Sir,
I am working on Cortex-M4 over serial wire debug protocol, i am able to read IDCODE(0x2ba01477) which is correct as per arm cortex m4 technical reference manual, and i am writing 0x50000000 to CTRLSTAT register to enable CSYSPWRUPREQ and CDBGPWRREQ which is also success without any ACK error,but the thing is when i am trying to read the CTRLSTAT register i got 0xffffffff . I don't understand what might be the problem,Please suggest me what would be the problem??
Thanks & Regards
Thank you for replay,
sorry in the line 4->i typed wrong but i am sending 0xA5.

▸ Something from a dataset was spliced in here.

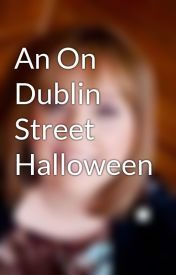 An On Dublin Street Halloween book cover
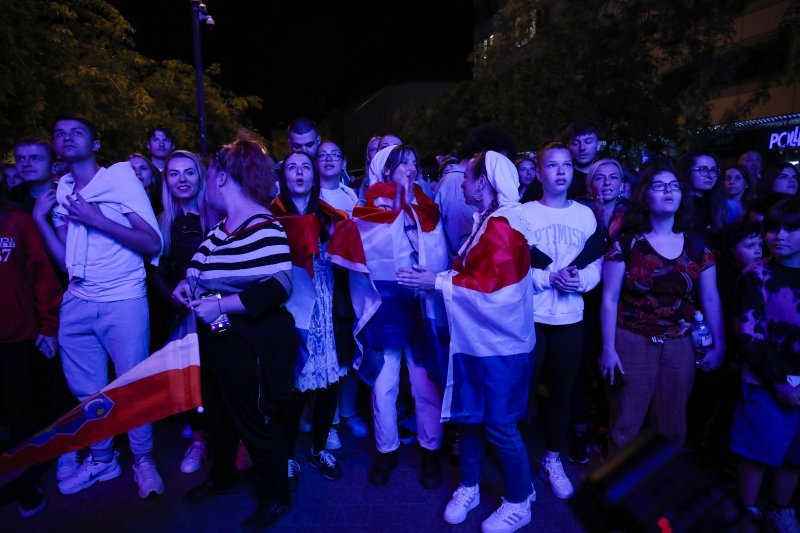 Praćenje Eurosonga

i send your sequence 0x8B for writing into CTRLSTAT register i got fault response from target
i send 0xA9 to read from CTRLSTAT register i got ACK fault response for both
in previous my post
packet frame i followed as Startbit | APnDP | R/W | A[2 : 3] | Parity | Stop | Perk |
To write CTRLSTAT
startbit = 1
APnDP = 0
R/W = 0
from Implementation of Serial Wire JTAG flash programming in ARM Cortex M3 Processors | Theesan's log "Table 2.2.1 DP Register information" he given in 3:2 order i am taken in 2:3 order so
a[2:3] = 1 | 0
Parity = 1
Stop = 0
Perk = 1
in hex 0x95
To Read CTRLSTAT
R/W = 1
from Implementation of Serial Wire JTAG flash programming in ARM Cortex M3 Processors | Theesan's log Table 2.2.1 DP Register information he given in 3:2 order i am taken in 2:3 order so
Parity = 0
in hex B1
It seems you're right. This documentation is absolutely confusing.
In section 38.6.1 of the RM0090, the first bit is bit 31 and the last bit is bit 0 (no, they're not related to SWD).
But in section 38.8.2, table 295, it seems that the first bit is bit 0 and the last bit is bit 7.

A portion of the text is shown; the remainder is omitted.